▶ _Assignment_
From the first line to the last, restate the records word for word, skipping the pictures.

Input for this task: Begin

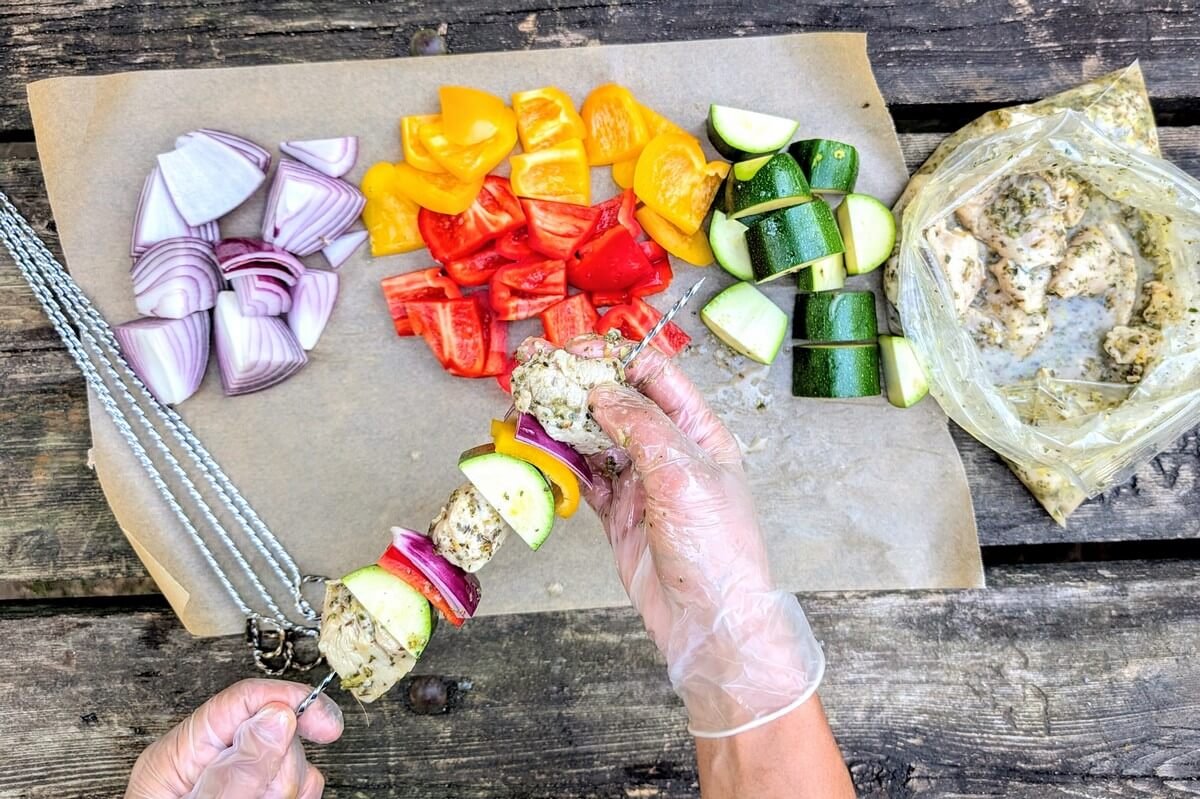 Gloved hands threading marinated chicken and vegetables onto skewers at a campsite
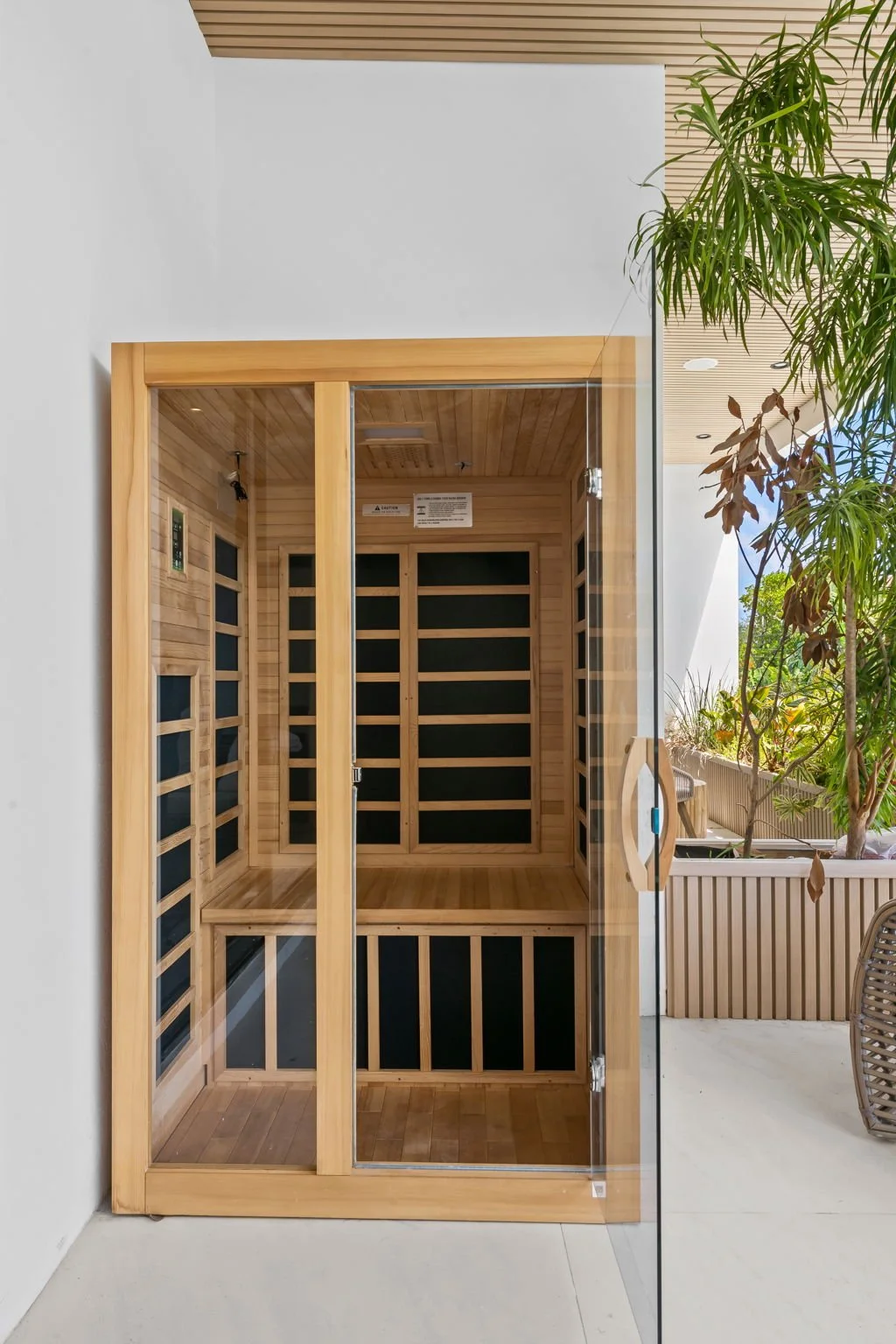 Wooden infrared sauna with glass door inside a modern room with plants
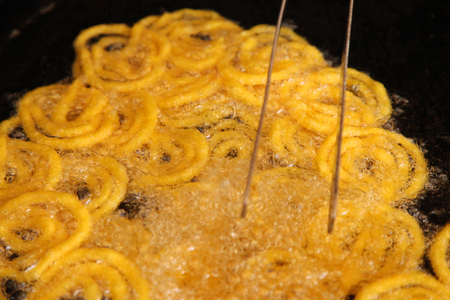 Delicious jalebi frying in oil panの写真素材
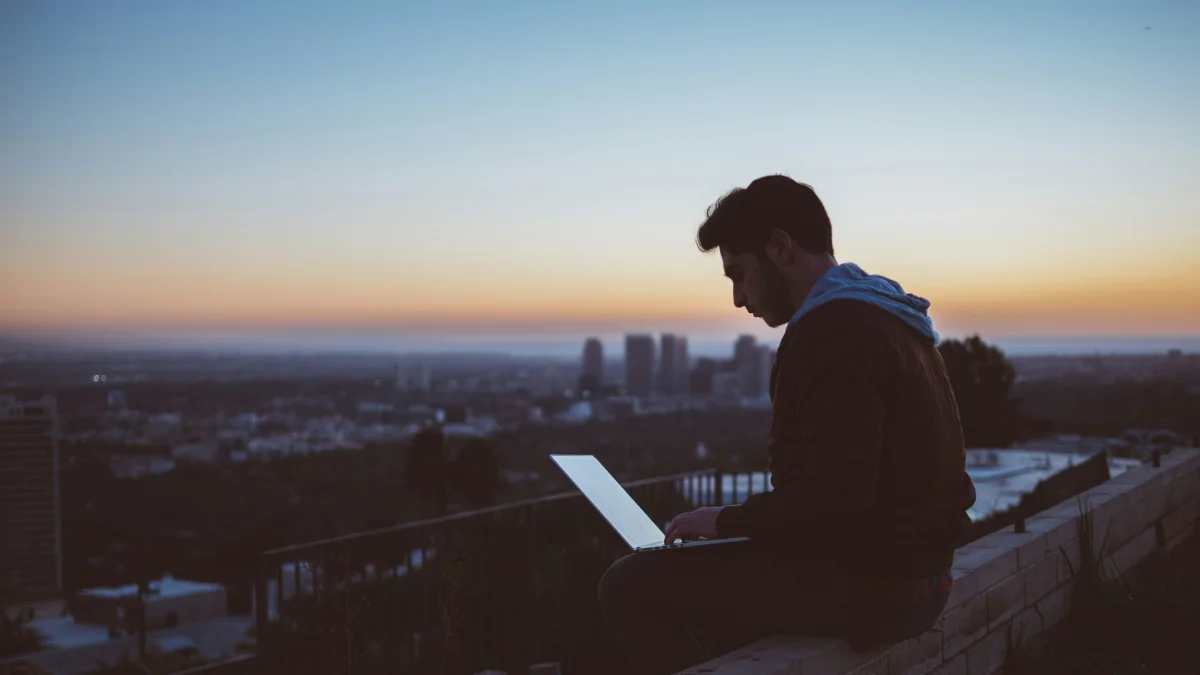 Man working on a laptop alone at sunset overlooking a city, representing focus and distraction-free deep work.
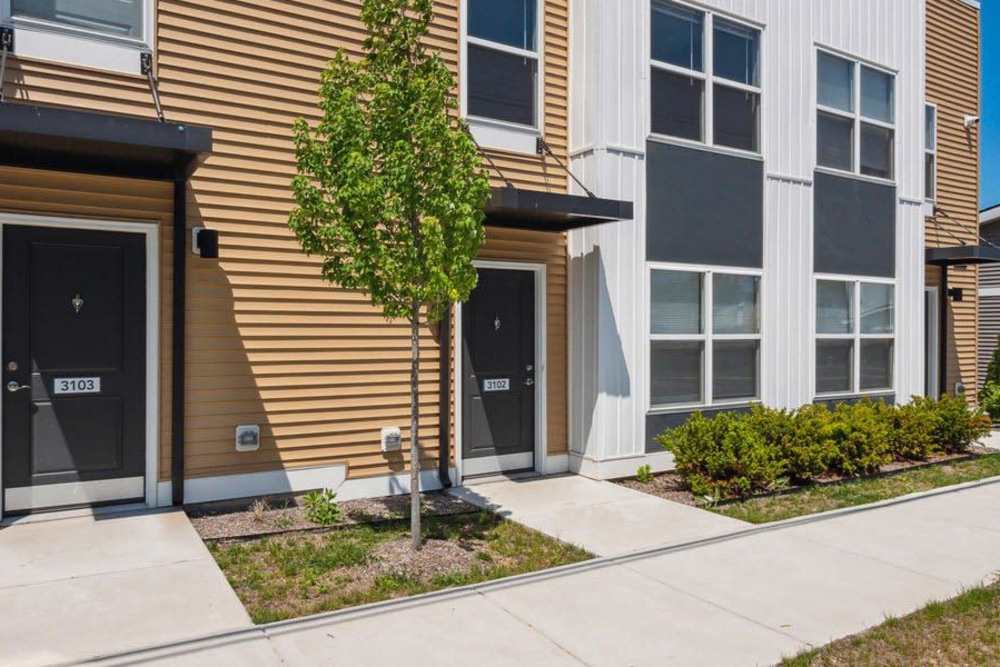 Modern apartment community with welcoming entrances and landscaped greenery at Winston Commons in Pontiac, Michigan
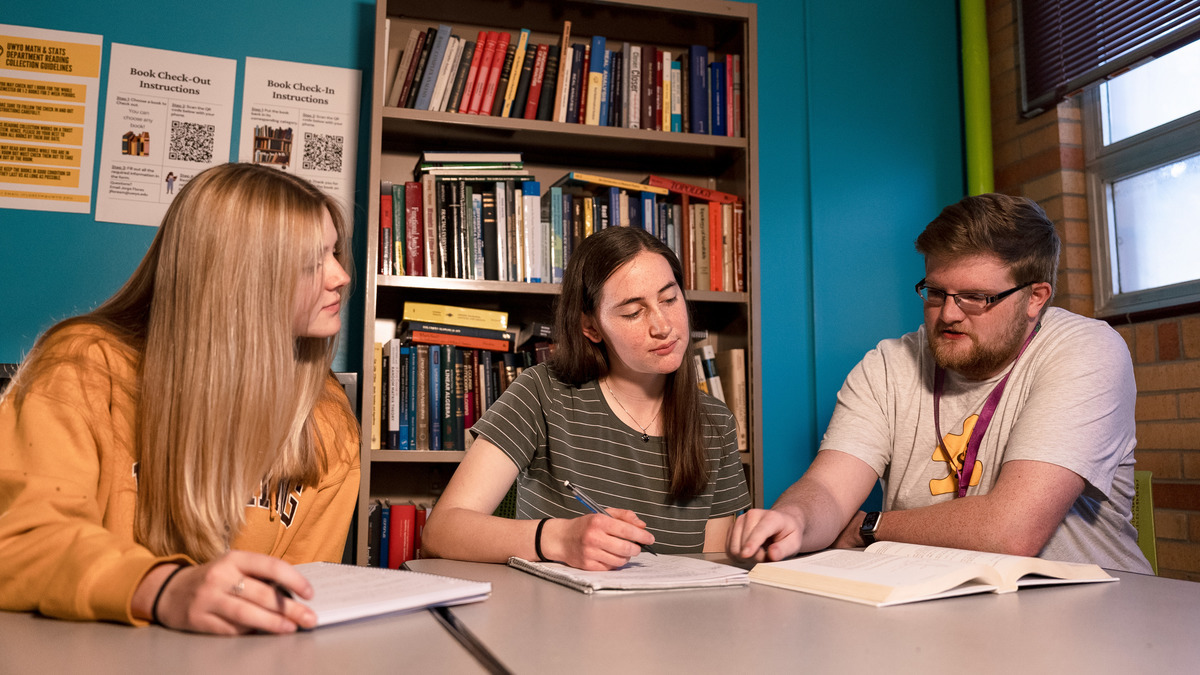 Two students meet with an advisor in a campus office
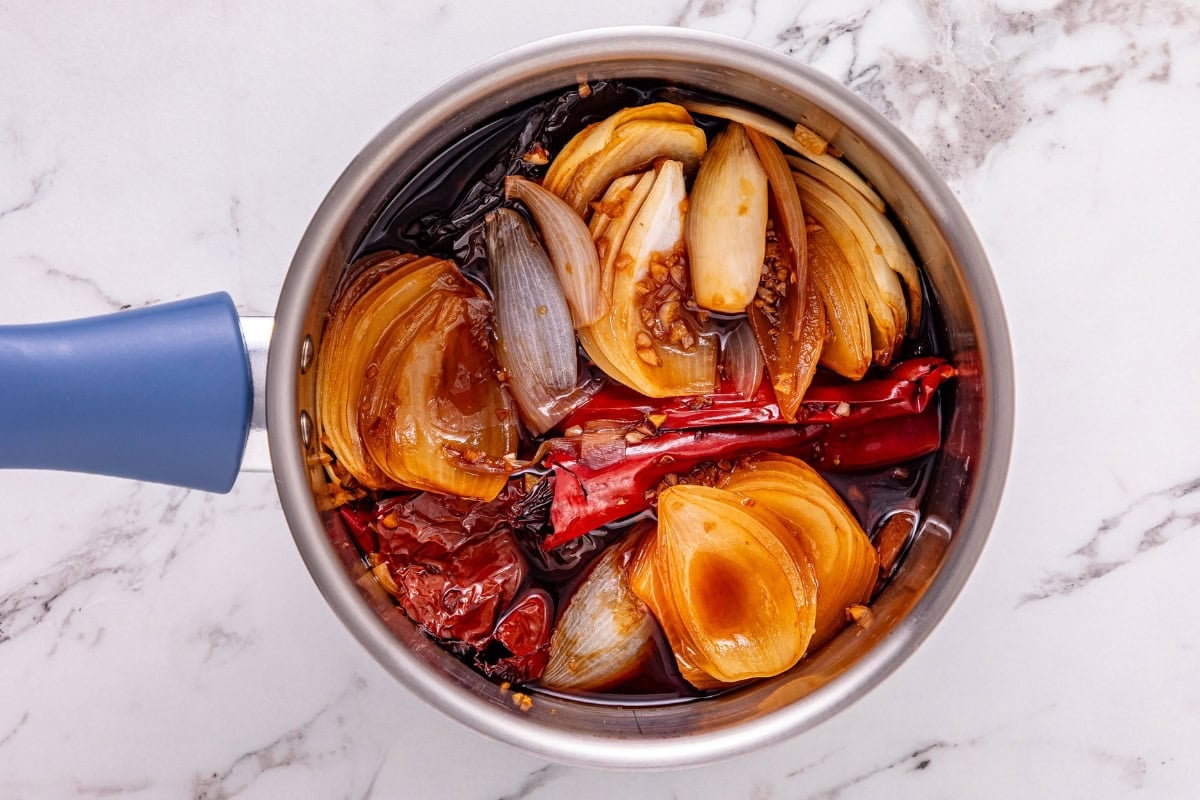 Sliced onions, dried chilies, and sauce simmering in a saucepan on marble.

Input for this task: End

▶ _Output of the task_
 Gloved hands threading marinated chicken and vegetables onto skewers at a campsite
 Wooden infrared sauna with glass door inside a modern room with plants
 Delicious jalebi frying in oil panの写真素材
 Man working on a laptop alone at sunset overlooking a city, representing focus and distraction-free deep work.
 Modern apartment community with welcoming entrances and landscaped greenery at Winston Commons in Pontiac, Michigan
 Two students meet with an advisor in a campus office
 Sliced onions, dried chilies, and sauce simmering in a saucepan on marble.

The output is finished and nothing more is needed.